Over the years -how many she could not tell- his rule became absolute, like the stars fixed to the sky. Sometimes he would tell her of the fates -death, Azkaban, the kiss- of people she used to know and love. She did not know if he told her because he wanted to hurt her or because he considered it a kindness. Neither did he. One day they went to Hogwarts and he took her down into the chamber again. Full circle, the snake that bit its own tail. Now Tom only saw green, her red had faded long ago and not a trace was left of it in his chamber. Ginny only saw grey. And Tom. Always Tom.
It was on an ordinary day -days tended to be lost in a sea of grey and Tom- when he told her that the last member of her family had died. She was angry that she had no tears left and horrified that she felt only numbness. In remembrance of the last year of her life -when he had been her friend and confidant- she asked if he thought that her family would still love her, even if she was only a poor imitation of fiery, little Ginny. His laughter rumbled in his chest like thunder -or was it the monster growling- and he humoured her. While he did not consider himself an expert on the subject of love, Tom had observed many people who claimed to posses the emotion. He told her that they all insisted that love was unconditional and consequently her family should still love her. Maybe that was true, maybe it wasn't. Ginny and Tom would never know. There was no next great adventure for them.
When Ginny thought about love -Mum, Dad, Ron, Fred, George, Percy, Charlie, Bill, Harry, Hermione...- she sometimes asked herself if love was really unconditional. Then she would ask herself if one could learn to love a monster. Then she would stop thinking altogether because she might not like the answer.
One day the girl begged and pleaded with him again. It has been many years since she did. She asked him to find a way for her to pass on, a ritual, an exorcism. He refused.
Ginny had forgotten the faces of her loved ones. Only blurry images of freckles and red hair remained in her memory. The different faces melting together like water colours.
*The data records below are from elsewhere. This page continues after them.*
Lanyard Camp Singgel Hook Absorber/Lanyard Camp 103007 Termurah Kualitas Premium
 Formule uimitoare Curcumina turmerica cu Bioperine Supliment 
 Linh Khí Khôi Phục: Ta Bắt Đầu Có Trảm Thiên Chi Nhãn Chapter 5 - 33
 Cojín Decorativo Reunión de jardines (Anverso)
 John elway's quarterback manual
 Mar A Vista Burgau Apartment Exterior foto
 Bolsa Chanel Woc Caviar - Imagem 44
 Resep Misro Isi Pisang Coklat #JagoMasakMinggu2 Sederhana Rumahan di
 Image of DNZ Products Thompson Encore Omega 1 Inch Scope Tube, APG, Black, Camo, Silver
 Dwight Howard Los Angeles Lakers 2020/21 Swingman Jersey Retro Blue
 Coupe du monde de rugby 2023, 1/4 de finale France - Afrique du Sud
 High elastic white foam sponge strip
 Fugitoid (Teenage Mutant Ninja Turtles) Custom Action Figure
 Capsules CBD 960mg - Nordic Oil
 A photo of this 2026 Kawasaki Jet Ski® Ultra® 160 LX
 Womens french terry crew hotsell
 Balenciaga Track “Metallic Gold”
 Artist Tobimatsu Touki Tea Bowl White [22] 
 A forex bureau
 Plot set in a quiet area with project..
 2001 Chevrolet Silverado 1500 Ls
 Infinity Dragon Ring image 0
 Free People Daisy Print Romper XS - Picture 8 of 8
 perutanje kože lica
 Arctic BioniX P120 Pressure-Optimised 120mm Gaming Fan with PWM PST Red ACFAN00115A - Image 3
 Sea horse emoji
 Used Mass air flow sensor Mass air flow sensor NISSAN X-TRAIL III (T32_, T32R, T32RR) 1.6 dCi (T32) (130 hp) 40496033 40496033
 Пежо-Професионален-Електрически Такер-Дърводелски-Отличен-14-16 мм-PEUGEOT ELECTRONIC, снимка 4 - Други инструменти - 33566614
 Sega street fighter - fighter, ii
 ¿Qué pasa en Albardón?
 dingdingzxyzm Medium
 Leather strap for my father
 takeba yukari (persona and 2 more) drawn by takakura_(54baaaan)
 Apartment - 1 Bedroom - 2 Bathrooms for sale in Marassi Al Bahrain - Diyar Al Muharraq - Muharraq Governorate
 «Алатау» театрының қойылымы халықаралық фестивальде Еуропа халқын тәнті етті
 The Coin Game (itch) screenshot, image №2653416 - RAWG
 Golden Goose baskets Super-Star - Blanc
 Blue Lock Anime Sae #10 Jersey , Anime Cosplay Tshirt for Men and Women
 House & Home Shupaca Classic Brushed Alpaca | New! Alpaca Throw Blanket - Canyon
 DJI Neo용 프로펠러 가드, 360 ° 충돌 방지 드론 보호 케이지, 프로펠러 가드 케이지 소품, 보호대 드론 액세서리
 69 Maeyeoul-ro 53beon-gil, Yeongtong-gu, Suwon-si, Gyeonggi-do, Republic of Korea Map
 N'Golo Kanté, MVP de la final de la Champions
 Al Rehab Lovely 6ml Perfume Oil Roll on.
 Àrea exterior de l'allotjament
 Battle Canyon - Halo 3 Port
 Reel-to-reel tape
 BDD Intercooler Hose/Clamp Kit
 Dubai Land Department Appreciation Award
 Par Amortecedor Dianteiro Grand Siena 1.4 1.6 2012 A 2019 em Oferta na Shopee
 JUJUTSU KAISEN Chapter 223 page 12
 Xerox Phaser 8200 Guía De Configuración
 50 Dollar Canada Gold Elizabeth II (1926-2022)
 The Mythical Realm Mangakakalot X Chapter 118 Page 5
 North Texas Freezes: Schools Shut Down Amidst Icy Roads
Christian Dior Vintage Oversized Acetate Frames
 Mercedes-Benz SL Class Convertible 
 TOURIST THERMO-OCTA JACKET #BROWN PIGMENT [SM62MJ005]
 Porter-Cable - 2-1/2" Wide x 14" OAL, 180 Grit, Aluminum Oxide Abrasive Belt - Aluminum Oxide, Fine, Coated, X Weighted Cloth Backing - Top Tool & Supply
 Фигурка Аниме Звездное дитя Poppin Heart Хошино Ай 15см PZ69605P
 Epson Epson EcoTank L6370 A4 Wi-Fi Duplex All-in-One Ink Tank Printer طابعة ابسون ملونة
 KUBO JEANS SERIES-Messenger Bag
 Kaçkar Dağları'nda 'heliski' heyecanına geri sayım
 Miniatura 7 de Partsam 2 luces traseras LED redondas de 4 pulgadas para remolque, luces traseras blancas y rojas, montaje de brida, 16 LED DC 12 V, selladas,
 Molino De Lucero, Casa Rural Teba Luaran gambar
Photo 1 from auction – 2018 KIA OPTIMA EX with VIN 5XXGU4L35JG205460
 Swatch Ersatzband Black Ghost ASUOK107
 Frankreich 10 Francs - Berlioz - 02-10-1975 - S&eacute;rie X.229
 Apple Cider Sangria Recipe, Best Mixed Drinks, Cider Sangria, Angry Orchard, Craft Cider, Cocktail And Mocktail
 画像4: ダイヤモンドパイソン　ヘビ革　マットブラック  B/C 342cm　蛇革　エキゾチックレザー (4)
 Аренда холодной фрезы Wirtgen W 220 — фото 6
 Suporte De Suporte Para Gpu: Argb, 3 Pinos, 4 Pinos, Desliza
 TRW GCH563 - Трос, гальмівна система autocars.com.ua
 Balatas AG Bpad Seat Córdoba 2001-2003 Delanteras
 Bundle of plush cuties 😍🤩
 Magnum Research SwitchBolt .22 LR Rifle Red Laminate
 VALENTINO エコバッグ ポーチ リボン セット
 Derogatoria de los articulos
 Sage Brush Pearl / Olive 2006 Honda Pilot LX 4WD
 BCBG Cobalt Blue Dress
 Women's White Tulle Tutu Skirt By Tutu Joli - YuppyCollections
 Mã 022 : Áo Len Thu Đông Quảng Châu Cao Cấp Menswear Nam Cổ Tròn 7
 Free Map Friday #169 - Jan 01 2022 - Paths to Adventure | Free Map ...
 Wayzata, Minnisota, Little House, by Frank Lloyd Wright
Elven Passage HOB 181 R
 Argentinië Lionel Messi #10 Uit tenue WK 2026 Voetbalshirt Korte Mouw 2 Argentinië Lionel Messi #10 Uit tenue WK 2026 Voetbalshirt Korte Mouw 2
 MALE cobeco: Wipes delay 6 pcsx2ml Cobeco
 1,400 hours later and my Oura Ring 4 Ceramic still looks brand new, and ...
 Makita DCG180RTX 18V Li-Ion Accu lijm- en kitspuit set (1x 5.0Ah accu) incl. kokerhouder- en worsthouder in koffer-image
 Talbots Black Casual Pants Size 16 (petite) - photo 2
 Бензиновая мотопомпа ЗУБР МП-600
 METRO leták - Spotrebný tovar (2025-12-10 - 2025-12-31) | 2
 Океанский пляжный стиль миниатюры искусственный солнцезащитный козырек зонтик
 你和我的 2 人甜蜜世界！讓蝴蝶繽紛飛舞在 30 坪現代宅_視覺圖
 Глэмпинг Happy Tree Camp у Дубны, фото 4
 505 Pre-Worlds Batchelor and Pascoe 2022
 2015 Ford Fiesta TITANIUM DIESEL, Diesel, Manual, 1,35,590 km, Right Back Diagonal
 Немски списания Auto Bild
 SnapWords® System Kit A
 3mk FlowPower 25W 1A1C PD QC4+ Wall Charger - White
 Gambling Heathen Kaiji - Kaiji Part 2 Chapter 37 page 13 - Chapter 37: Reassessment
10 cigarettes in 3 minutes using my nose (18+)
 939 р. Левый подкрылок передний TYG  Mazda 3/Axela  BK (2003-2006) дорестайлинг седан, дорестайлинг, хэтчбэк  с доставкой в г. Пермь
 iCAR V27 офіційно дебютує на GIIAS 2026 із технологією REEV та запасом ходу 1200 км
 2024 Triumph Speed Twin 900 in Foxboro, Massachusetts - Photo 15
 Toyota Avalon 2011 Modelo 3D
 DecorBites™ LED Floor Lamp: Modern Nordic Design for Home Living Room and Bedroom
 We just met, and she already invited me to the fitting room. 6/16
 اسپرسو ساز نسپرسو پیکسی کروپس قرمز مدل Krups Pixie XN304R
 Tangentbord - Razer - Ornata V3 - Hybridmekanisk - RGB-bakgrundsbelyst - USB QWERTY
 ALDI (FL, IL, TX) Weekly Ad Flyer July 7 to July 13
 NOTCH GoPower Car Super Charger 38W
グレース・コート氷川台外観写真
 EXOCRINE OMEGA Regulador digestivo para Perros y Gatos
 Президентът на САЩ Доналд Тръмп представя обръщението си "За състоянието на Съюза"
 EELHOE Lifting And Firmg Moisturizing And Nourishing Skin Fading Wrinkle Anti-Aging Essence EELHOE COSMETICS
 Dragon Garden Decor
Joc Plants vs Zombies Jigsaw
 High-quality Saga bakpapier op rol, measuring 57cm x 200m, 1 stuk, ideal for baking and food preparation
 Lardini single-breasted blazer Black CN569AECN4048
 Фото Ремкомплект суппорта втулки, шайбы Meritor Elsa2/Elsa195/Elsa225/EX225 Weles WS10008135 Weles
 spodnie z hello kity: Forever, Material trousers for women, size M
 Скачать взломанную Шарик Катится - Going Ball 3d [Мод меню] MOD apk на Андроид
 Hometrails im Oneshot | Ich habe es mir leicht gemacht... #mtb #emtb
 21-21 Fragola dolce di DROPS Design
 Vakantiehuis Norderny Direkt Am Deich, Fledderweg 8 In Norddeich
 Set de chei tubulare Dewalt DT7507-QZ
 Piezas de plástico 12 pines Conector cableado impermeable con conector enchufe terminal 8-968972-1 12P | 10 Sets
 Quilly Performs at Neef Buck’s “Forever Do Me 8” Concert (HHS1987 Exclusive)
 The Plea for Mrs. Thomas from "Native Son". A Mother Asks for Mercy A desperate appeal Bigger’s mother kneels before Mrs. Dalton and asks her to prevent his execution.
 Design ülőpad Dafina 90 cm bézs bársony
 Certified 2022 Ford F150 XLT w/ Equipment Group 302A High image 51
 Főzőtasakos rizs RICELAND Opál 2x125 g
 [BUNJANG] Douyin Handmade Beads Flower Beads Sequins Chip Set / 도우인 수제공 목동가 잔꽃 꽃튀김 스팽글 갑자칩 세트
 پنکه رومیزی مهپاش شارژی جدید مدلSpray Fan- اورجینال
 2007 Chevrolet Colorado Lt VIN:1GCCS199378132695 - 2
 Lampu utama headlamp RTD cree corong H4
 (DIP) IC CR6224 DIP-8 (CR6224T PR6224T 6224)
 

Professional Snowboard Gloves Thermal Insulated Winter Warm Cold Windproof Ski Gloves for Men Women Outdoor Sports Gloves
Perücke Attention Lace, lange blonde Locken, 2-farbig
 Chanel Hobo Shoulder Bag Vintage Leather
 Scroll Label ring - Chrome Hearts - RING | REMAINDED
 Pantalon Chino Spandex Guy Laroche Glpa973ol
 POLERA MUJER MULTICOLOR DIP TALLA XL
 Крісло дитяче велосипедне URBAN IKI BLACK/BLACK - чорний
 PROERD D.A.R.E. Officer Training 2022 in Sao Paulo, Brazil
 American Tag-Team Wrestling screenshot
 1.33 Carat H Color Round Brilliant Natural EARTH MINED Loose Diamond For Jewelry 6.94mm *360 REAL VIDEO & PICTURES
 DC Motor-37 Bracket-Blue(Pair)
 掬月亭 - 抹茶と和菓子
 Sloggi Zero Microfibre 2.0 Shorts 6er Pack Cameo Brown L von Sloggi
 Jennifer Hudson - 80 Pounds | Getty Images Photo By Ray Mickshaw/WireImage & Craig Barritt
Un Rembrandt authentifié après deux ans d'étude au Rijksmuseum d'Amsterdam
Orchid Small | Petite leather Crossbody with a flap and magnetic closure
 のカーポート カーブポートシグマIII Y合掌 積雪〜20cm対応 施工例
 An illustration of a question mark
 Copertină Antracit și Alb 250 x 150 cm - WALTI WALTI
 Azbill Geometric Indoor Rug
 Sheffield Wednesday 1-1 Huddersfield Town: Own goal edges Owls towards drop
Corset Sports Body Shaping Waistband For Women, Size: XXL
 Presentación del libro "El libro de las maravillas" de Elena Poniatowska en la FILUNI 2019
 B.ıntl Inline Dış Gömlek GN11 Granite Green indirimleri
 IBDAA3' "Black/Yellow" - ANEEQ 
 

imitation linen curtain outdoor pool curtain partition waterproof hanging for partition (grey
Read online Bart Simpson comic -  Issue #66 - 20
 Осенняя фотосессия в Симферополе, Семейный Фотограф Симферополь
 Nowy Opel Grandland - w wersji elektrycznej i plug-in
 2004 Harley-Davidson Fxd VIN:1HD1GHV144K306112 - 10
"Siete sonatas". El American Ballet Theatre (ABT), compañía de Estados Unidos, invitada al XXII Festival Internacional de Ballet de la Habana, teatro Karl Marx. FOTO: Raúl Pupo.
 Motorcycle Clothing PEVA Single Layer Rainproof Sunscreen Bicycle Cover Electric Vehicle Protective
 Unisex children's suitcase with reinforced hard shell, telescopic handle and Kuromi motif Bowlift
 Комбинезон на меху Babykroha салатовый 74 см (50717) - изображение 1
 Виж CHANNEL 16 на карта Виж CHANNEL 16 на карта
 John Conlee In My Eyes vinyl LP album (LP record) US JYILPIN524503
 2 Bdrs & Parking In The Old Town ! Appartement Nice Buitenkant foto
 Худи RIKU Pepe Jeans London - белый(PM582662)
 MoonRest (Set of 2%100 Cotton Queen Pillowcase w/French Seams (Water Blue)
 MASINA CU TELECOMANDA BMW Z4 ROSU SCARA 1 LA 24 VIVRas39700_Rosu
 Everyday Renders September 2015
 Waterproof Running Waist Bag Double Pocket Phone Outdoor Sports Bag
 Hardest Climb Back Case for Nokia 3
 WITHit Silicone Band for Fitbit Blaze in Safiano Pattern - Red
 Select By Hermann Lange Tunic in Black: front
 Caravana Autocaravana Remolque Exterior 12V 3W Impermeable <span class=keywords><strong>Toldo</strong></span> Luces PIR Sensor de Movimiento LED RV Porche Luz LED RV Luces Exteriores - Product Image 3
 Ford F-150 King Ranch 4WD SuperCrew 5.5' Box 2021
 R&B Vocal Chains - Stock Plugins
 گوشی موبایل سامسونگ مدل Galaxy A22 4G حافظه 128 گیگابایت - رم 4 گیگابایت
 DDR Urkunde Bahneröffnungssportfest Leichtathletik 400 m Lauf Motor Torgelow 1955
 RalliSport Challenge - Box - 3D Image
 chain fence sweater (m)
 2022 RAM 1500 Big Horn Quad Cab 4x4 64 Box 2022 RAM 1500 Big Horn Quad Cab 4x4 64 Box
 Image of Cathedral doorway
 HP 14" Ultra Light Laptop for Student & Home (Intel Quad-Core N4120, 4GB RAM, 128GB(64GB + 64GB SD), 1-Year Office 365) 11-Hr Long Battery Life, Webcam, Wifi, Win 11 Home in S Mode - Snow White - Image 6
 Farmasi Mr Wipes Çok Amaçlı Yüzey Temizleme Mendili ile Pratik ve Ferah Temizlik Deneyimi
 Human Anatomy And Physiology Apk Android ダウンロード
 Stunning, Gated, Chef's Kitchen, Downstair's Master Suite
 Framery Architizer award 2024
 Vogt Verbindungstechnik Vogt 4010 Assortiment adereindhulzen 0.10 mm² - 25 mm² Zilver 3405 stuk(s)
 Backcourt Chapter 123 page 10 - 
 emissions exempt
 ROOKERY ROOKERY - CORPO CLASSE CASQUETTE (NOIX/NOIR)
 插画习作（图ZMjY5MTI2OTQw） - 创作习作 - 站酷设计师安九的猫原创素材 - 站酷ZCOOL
Their voices had been lost to her long before that.
In another life, another time -and if he had the capacity in the first place- he could have learned to love her. But it would not have been her as she was now and maybe he would not have been interested in her at all then. He would have needed to be fundamentally different too. But circumstances, time and fate did not allow this. There were only maybes, what ifs and endless -impossible- possibilities. And so he kept her with him out of greed, out of spite and maybe out of longing. If he were different, Tom would have called them tragic.
Time had no mercy and went on. People came and went. Their names and faces vaguely reminding Ginny of people she used to know. But these people held no real interest for her. They were only poor imitations of the originals, like she was only a poor imitation of a girl called Ginny Weasley. By now she had forgotten what her own face looked like, forever staying as it was when she was -still alive- eleven. Only Tom's face remained unchanging.
Tom had ruled for many years now. The magical world was completely at his feet. The dreams he dreamed so, so many years ago became reality. Soon he would turn his eye to the muggle world. People came and went and only his ghost would stay forever.
Ginny Weasley had been afraid of death. So she left her ghost behind. Tom Riddle had been afraid of death. So he cut his soul into pieces. Ginny Weasley was no longer afraid of death. Tom Riddle still was. She could not go on and he would not let her. He refused to die and nobody could make him bow to death. Together they were reaching for eternity.